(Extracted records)
__________

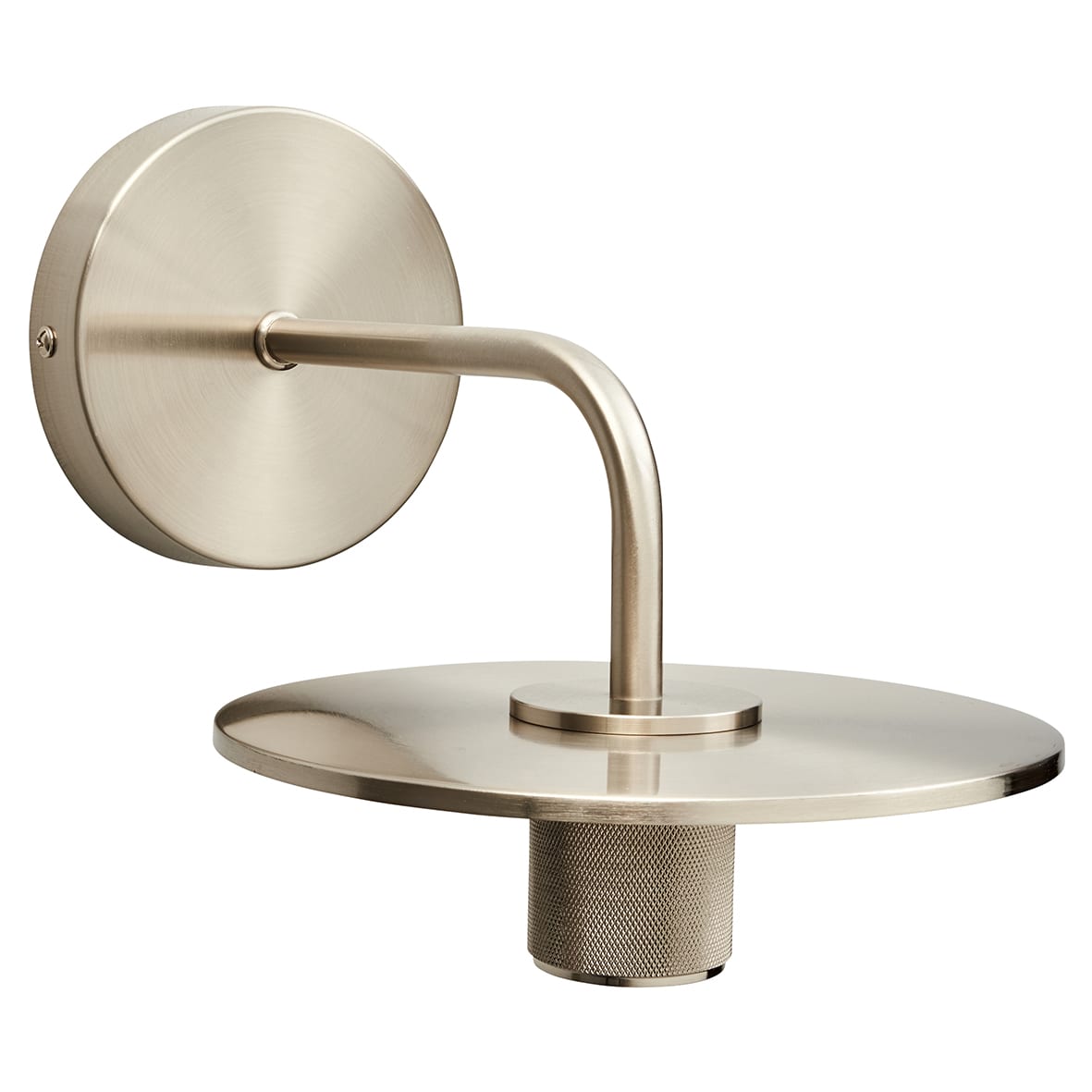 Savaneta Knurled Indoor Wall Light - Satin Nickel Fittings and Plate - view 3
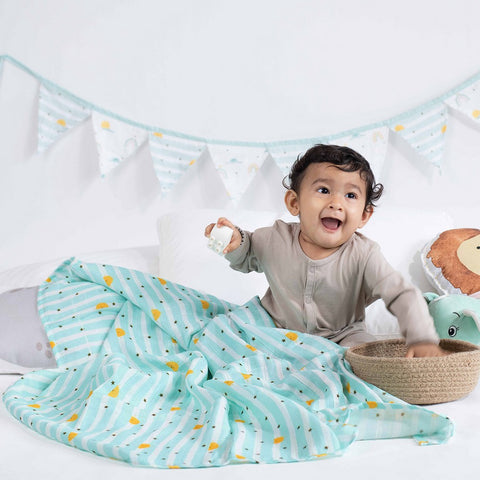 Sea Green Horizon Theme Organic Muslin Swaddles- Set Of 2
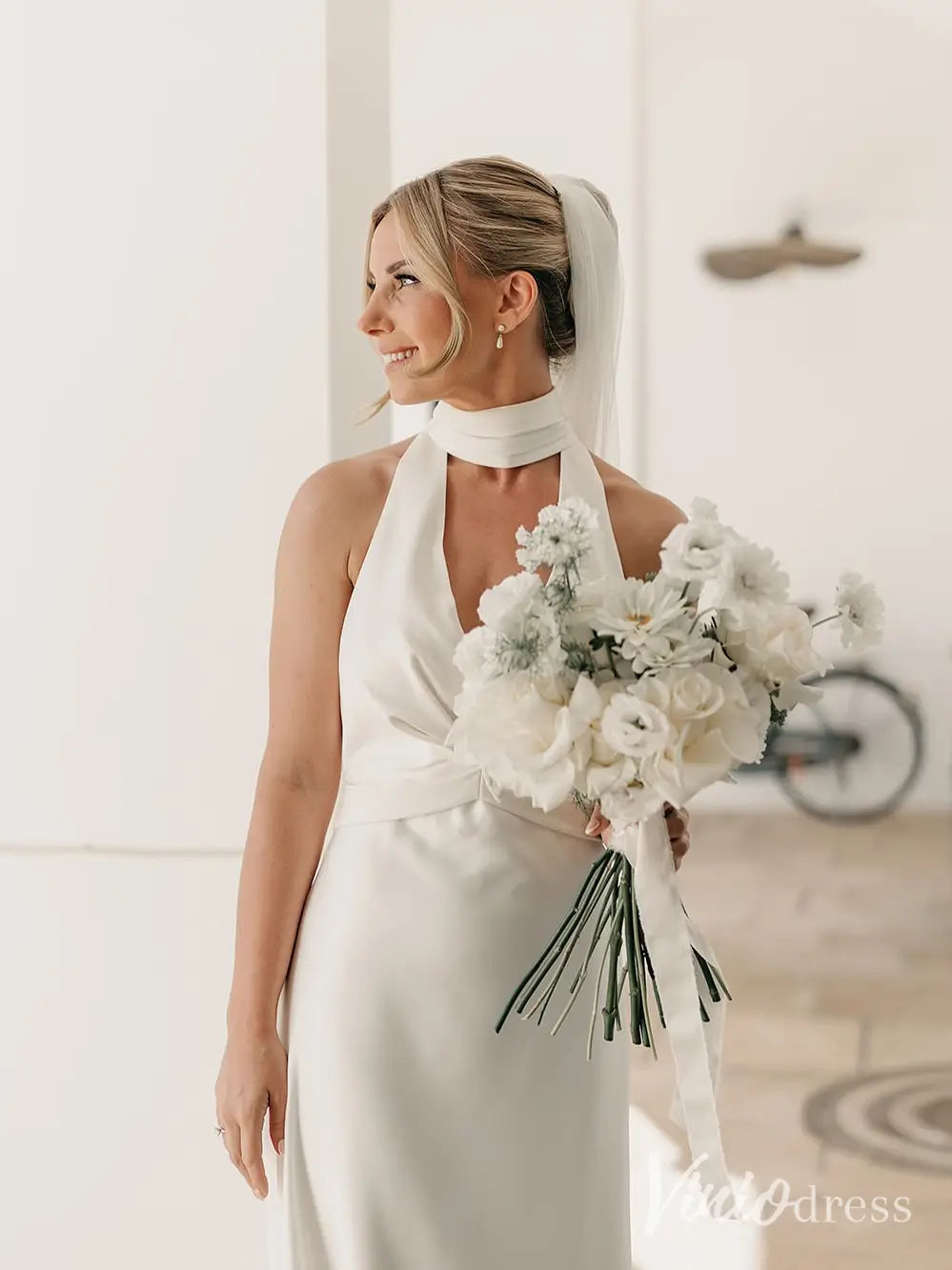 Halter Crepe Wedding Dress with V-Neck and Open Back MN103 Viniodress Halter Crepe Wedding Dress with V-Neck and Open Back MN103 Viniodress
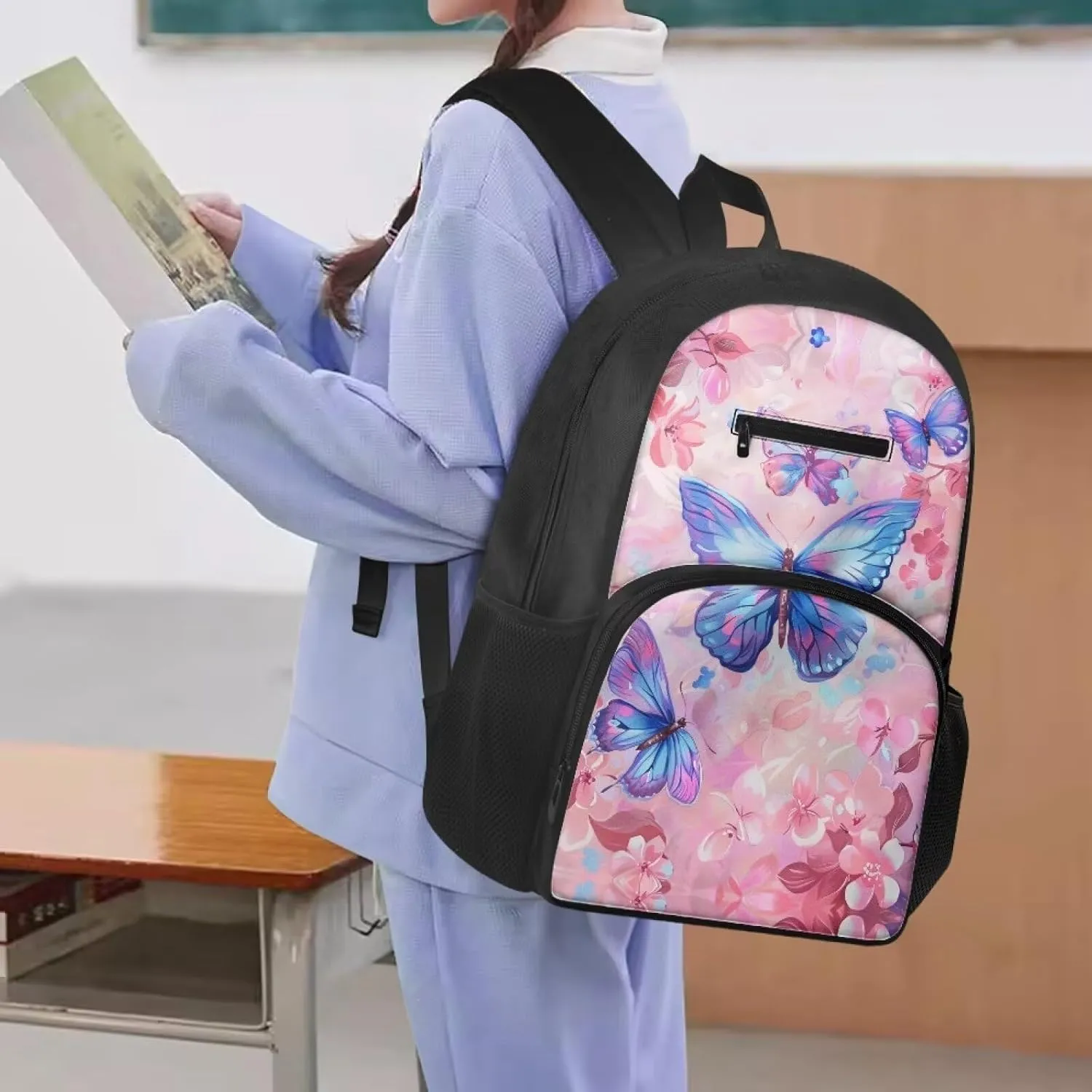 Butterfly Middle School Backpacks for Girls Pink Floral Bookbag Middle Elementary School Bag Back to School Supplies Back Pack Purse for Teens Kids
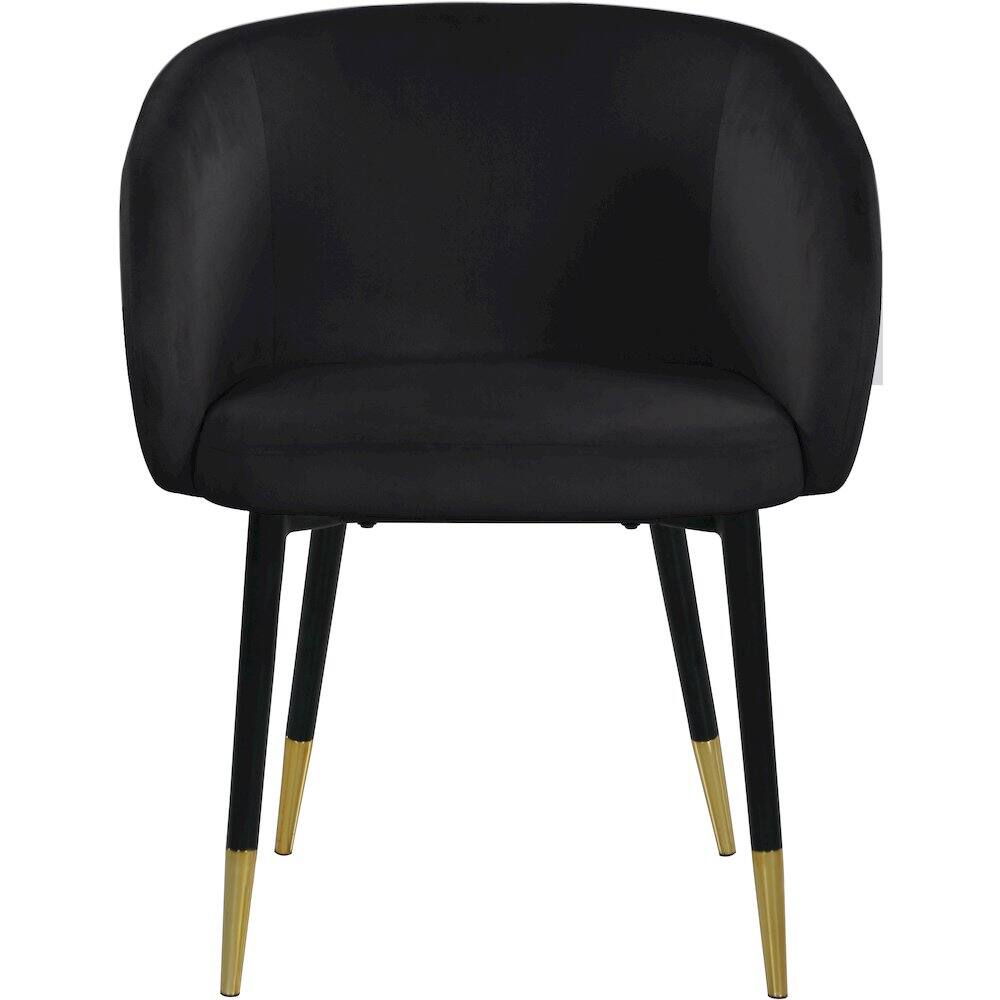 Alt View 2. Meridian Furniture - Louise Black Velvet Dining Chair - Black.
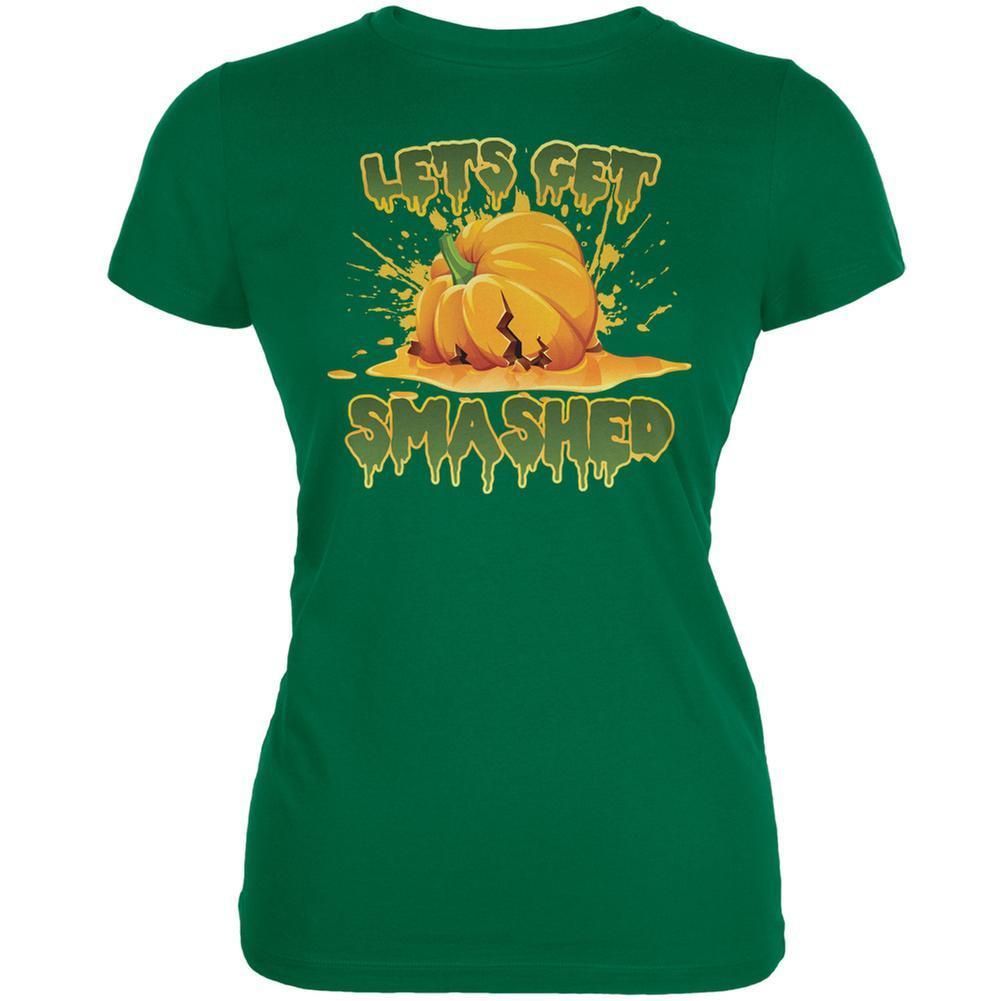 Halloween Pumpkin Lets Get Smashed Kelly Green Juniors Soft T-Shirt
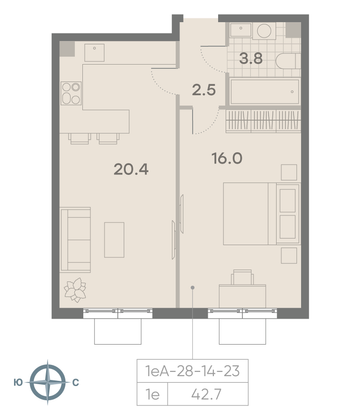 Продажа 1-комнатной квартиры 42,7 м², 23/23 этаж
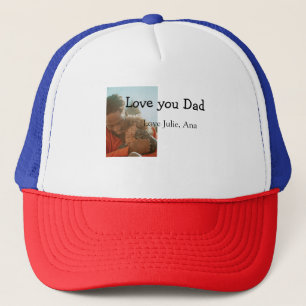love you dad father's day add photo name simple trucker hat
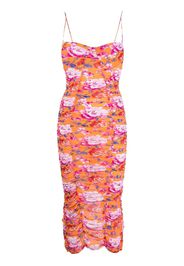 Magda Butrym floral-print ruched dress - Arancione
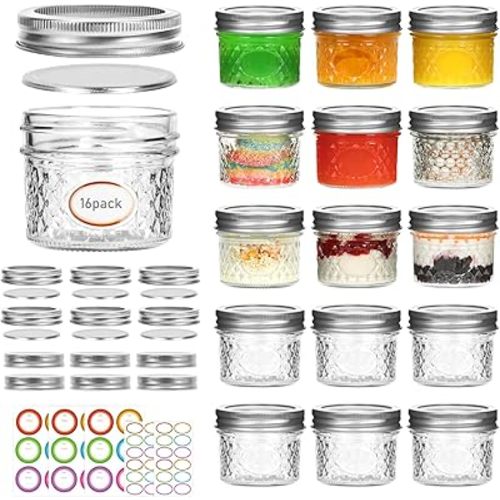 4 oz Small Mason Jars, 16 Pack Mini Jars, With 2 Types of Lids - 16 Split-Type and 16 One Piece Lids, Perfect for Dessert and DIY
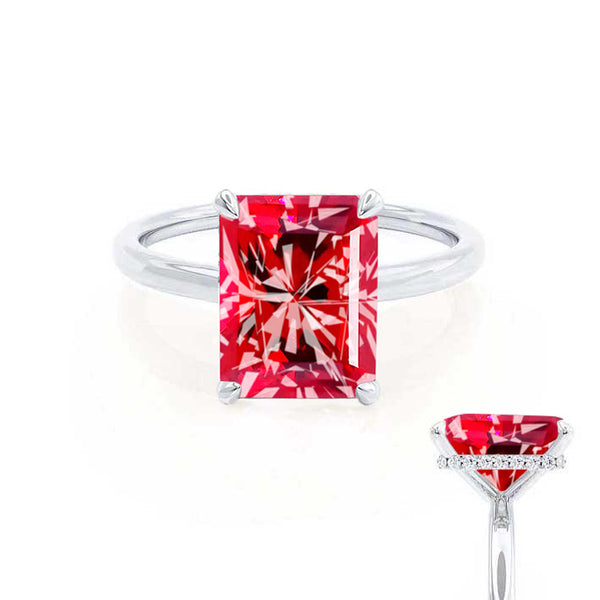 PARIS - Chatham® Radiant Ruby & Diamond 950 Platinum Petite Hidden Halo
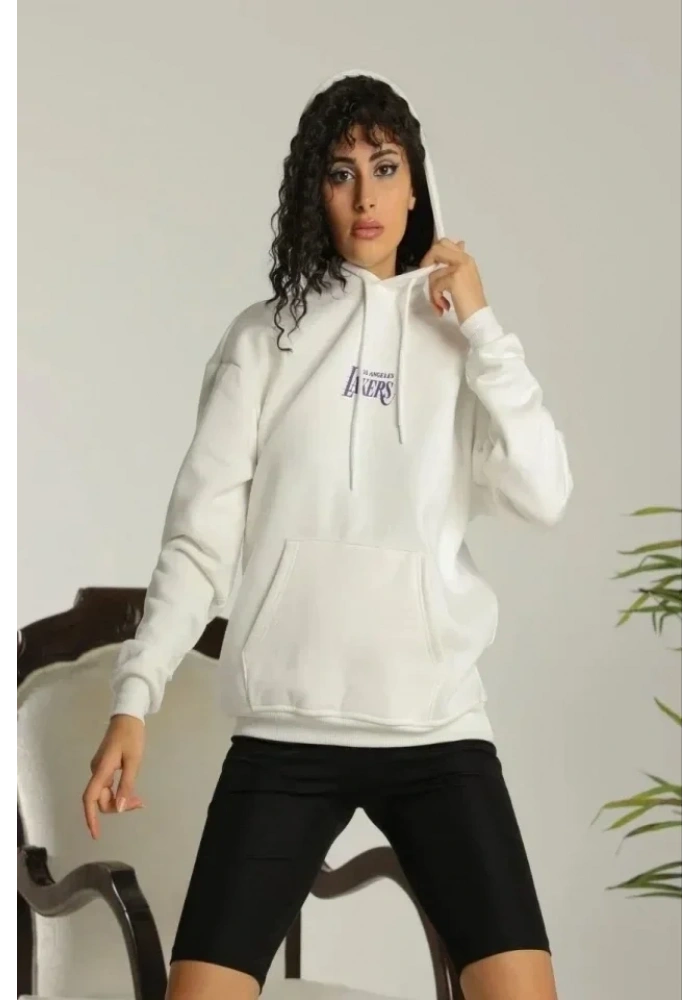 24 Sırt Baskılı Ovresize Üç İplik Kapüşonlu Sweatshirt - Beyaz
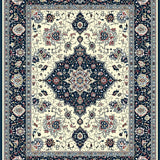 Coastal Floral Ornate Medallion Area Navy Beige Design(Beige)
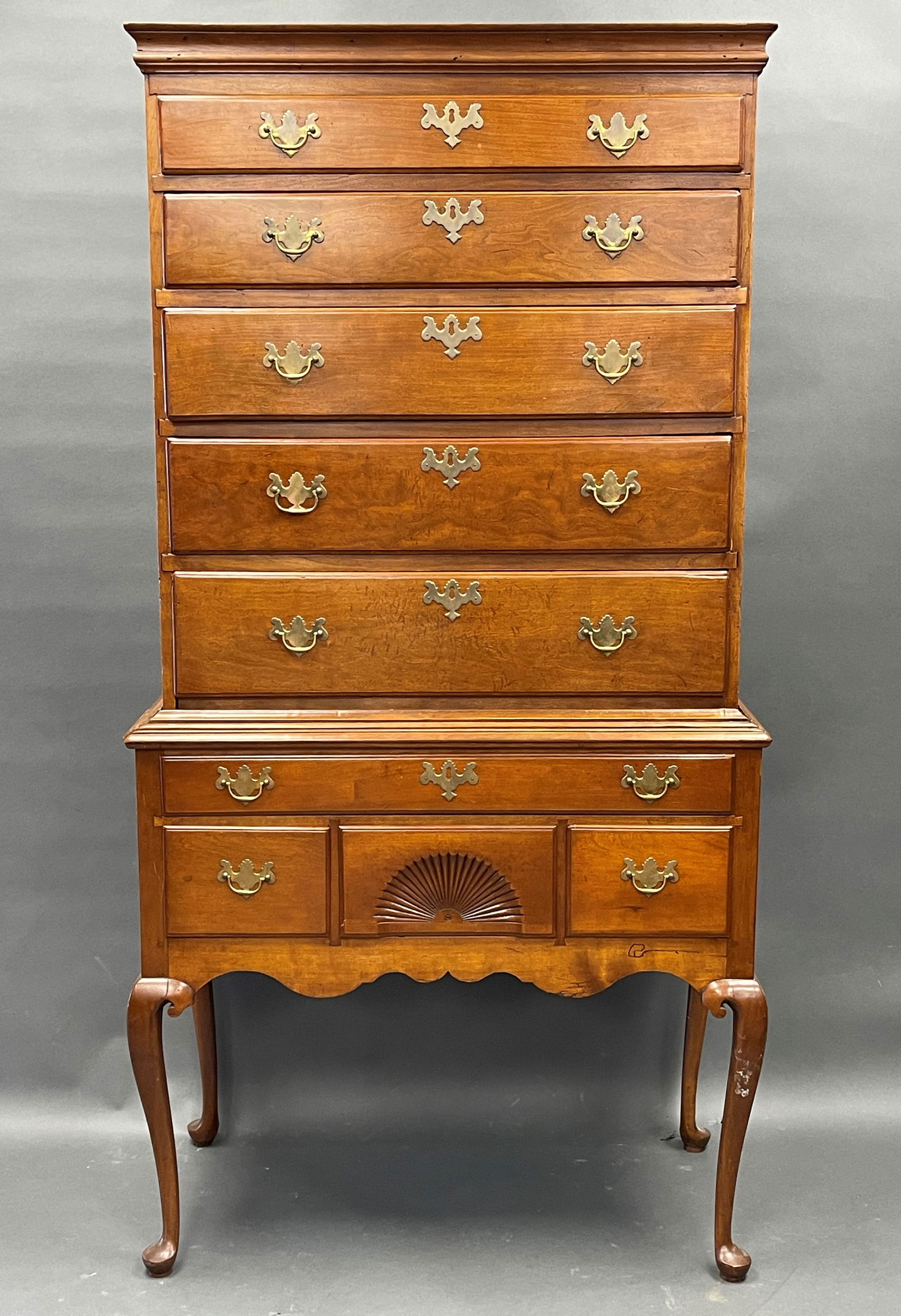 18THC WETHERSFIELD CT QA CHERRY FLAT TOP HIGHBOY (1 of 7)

__________

_What needs to be done_
Each word of the data should be repeated exactly, and the pictures left out.

_Final answer_
 Savaneta Knurled Indoor Wall Light - Satin Nickel Fittings and Plate - view 3
 Sea Green Horizon Theme Organic Muslin Swaddles- Set Of 2
 Halter Crepe Wedding Dress with V-Neck and Open Back MN103 Viniodress Halter Crepe Wedding Dress with V-Neck and Open Back MN103 Viniodress
 Butterfly Middle School Backpacks for Girls Pink Floral Bookbag Middle Elementary School Bag Back to School Supplies Back Pack Purse for Teens Kids
 Alt View 2. Meridian Furniture - Louise Black Velvet Dining Chair - Black.
 Halloween Pumpkin Lets Get Smashed Kelly Green Juniors Soft T-Shirt
 Продажа 1-комнатной квартиры 42,7 м², 23/23 этаж
love you dad father's day add photo name simple trucker hat
 Magda Butrym floral-print ruched dress - Arancione
 4 oz Small Mason Jars, 16 Pack Mini Jars, With 2 Types of Lids - 16 Split-Type and 16 One Piece Lids, Perfect for Dessert and DIY
 PARIS - Chatham® Radiant Ruby & Diamond 950 Platinum Petite Hidden Halo
 24 Sırt Baskılı Ovresize Üç İplik Kapüşonlu Sweatshirt - Beyaz
 Coastal Floral Ornate Medallion Area Navy Beige Design(Beige)
 18THC WETHERSFIELD CT QA CHERRY FLAT TOP HIGHBOY (1 of 7)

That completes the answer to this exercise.